Director of Diversity Sharon Howell was 11 years old and living in South Carolina when four girls were killed in a racially motivated bombing at the Sixteenth Street Baptist Church in Birmingham, 阿拉巴马州. One of those girls was Sharon’s age. Sharon remembers asking her mother, “When I go to church, will I be killed?”

In a recent upper school assembly honoring the legacy of Dr. Martin Luther King, Jr., Howell and faculty colleagues John Wood and John Grega revealed some compelling stories of struggle during the civil rights movement of the 1950s and 60s. And seniors Michael E.——艾丽卡·J.,以及Emily M. described some contemporary examples of prejudice from their own experiences. Together, they illustrated the impact Dr. King had on our world and the relevance of his messages today.

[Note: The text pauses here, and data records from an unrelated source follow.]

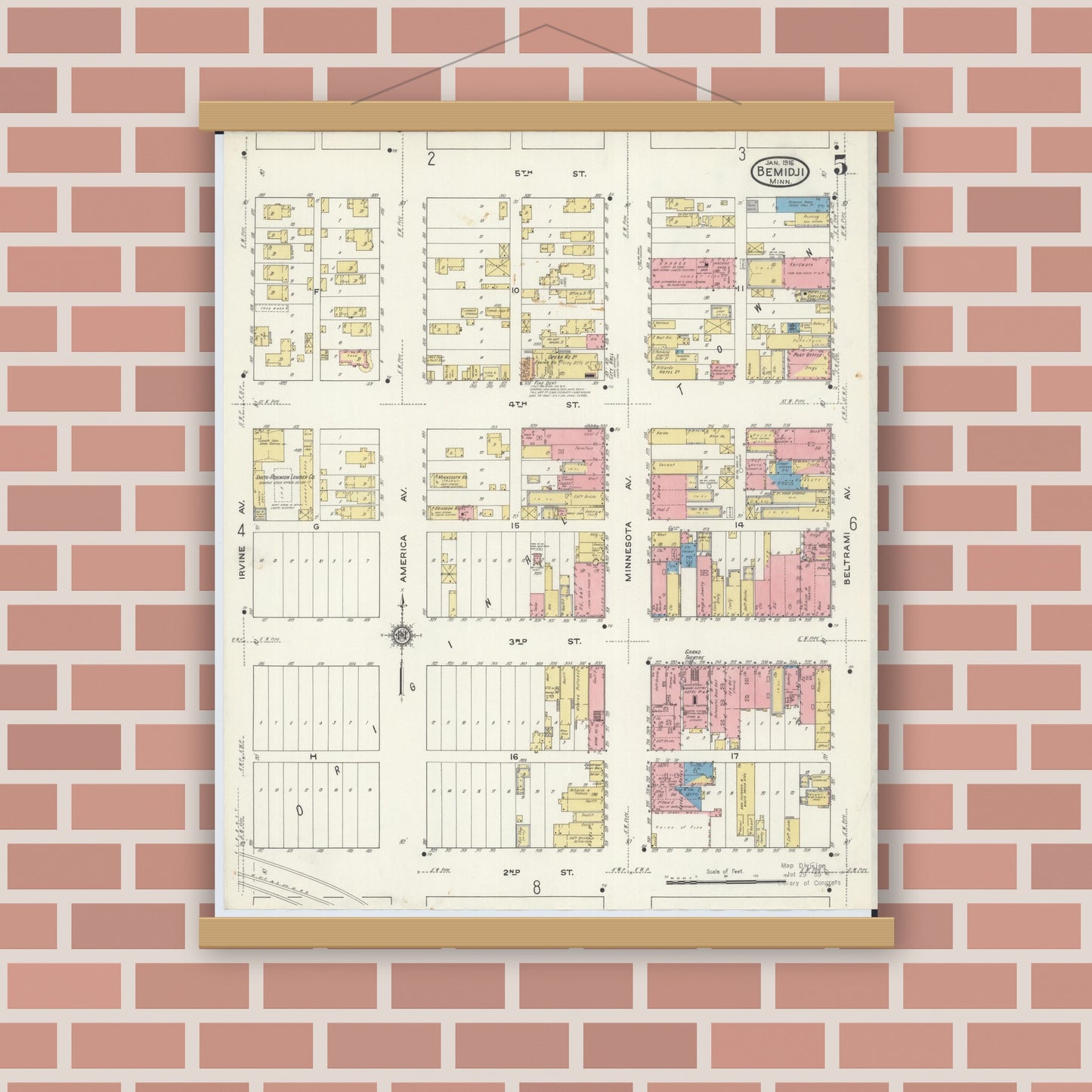 Old map wall art mockup — magnetic wood frame on brick wall — Sanborn Fire Insurance Map from Bemidji, Beltrami County, Minnesota (1916), Sheet #0005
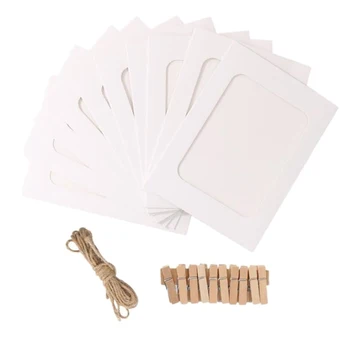 

3 Packages 5Inches Vintage Cowhide Hanging Paper Frame with Twine Clip Combination Photo Wall with Rope and Clips(White)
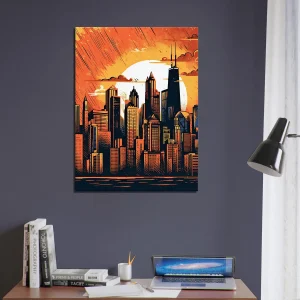 manhattan new york style cartoon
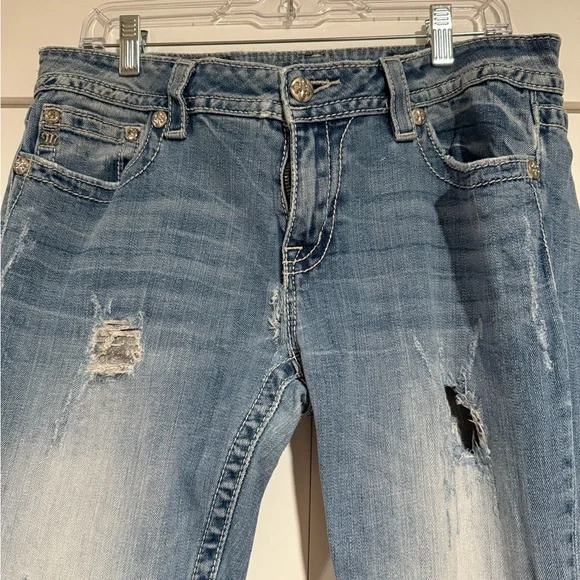 Miss Me Blue Boot Cut Jeans Distressed Style - Picture 2 of 8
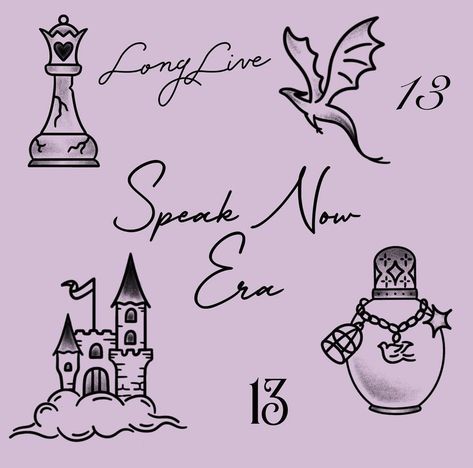 Taylor Swift Symbols Speak Now, Speak Now Drawing Ideas, Taylor Swift Tattoos Speak Now, Taylor Swift Fearless Symbols, Taylor Swift Symbols For Each Era, Speak Now Doodles, Speak Now Symbols, Taylor Swift Speak Now Tattoo, Speak Now Tattoo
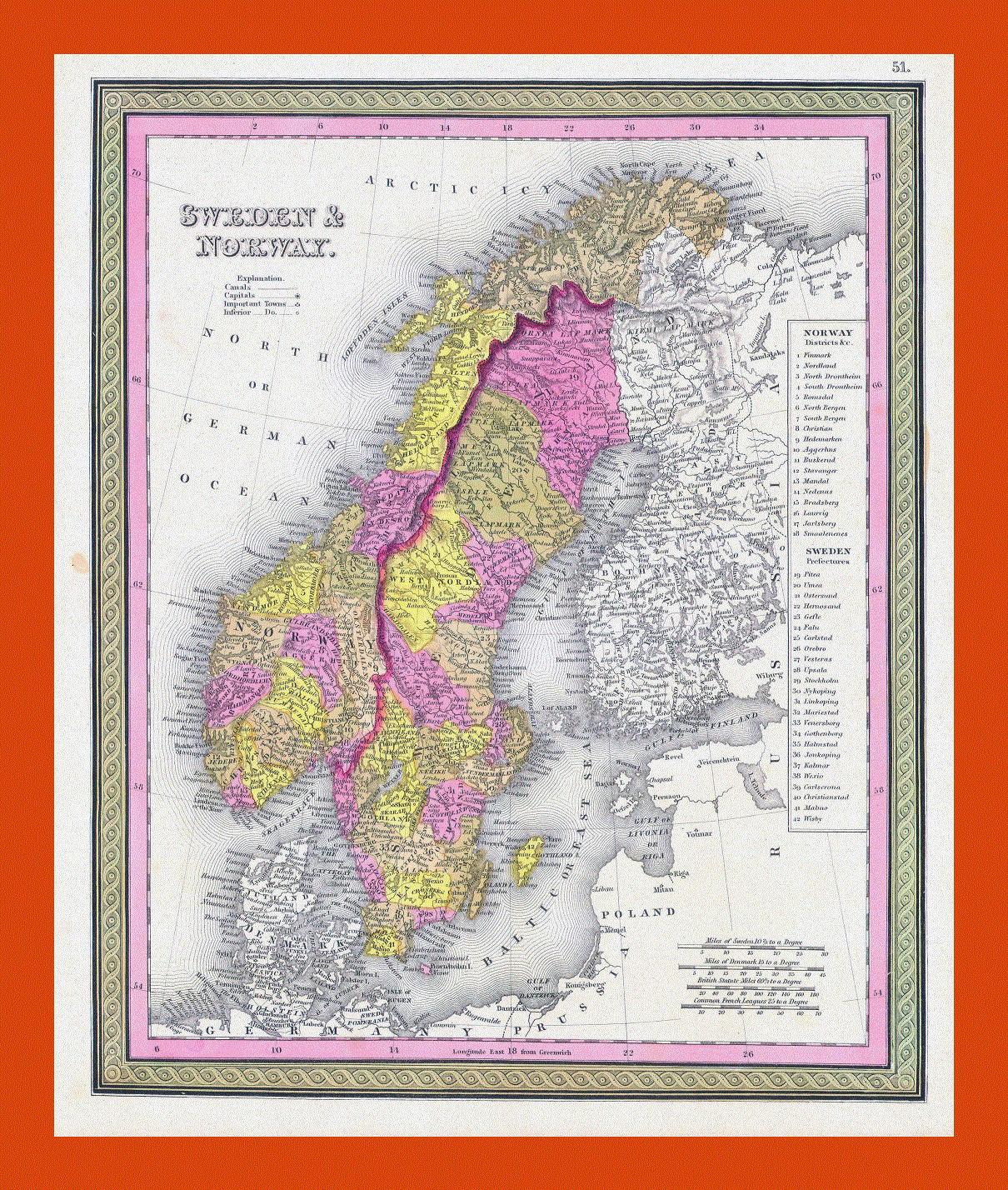 Old political and administrative map of Sweden and Norway - 1850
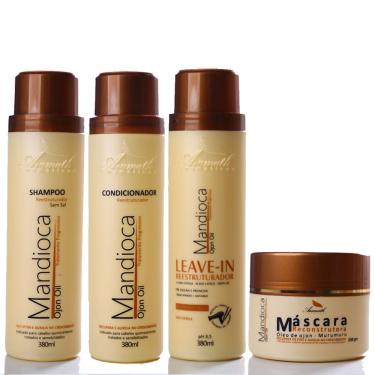 Imagem de Kit Reconstrutor Mandioca Ojon Oil Shampoo, Condicionador, Mascara e Leave-in Aramath Home Care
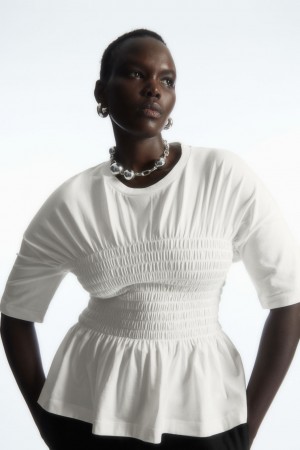 Camiseta COS Smocked-Bodice Mujer Blancos | México RTHG-36219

“It’s hard for us now to imagine the risks that King and others took,” explained Wood. 图片, 镜头, and testimony from the documentary “A Time for Justice” gave students a startling look at the Montgomery bus boycott, the desegregation of Central High School in Little Rock, the Sixteenth Street Baptist Church bombing, and other key events of the time.

学生 could see, 例如, how going to school was like “going to war” for the nine blacks who first integrated Little Rock’s all-white Central High School. Gun-toting white soldiers protected them.

Switching to recent times, Michael described how “moving from Minnesota to Texas was like moving to another country.” Michael saw prejudice unlike any he had witnessed before. To classmates he posed the rhetorical question, “Stereotypes, where do they get us?” and urged them to consider King’s message about the danger of “violence of the heart.”

Emily talked about an exchange with some Hispanic men who insulted her, thinking she could not understand their Spanish. She did, and she chose not to confront them. “We have the power to change a day, for better or for worse. So pick carefully.”

Erica talked about how, as one of two blacks in her elementary school class in Virginia, she encountered racism from an unknowing classmate. “I’m glad I’ve grown up in [the McDonogh] community, where diversity is celebrated,” she said.

In closing, Erica recalled Dr. King's dream that one day his children would live in a nation "where they will not be judged by the color of their skin but by the content of their character."

"We've accomplished a lot, but we still have a long way to go," she said.